The peanut butter filling went without incident but wasn’t as fluffy as I thought I remembered it being. At this point I was just determined to get the cake assembled. I piped a “flood” boarder on the first layer and filled it in with my peanut butter filling. I then layered on the next cake and repeated the process. I then iced the whole thing in chocolate frosting. The top had more of a marbled effect because my peanut butter filling hadn’t fully set up. I called it done and put the cake into the fridge. It still made me a little sad that it didn’t have that hard candy looking shell of a peanut butter cup but I tried to just move on. The next morning I decided I was going to make a dark chocolate ganache and poor it over the whole thing. Thankfully Bravetart had a recipe for that as well which was simple and straightforward.
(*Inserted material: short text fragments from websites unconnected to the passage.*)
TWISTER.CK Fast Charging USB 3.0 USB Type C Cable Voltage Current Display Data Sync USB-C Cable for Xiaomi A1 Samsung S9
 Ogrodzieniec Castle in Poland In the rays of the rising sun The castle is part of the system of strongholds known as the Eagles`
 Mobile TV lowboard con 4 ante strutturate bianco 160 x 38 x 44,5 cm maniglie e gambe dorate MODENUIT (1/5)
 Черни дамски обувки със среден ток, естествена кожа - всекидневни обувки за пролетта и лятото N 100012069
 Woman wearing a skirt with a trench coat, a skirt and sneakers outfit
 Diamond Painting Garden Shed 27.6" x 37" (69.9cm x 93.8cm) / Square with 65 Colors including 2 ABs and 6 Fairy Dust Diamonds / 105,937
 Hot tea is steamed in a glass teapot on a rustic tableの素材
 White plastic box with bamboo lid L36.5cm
I made my ganache let it cool a little and then poured it over the cake spreading it out to make a nice solid coat. Now I had the look I imagined!

I can’t even tell you with all the ups and downs of trying to get this cake to the eating point, when I finally cut into it the anticipation was high! Oh, boy, did it deliver. It looks like a peanut butter cup with a center of pure golden peanut goodness and hit all the right notes. The cake was moist and a perfect crumb. This is now a permanent cake in my arsenal. The thing I learned from this experience is to trust me instincts when it comes to concepts and flavors, when in doubt ask the pros, and in the end it’s just cake.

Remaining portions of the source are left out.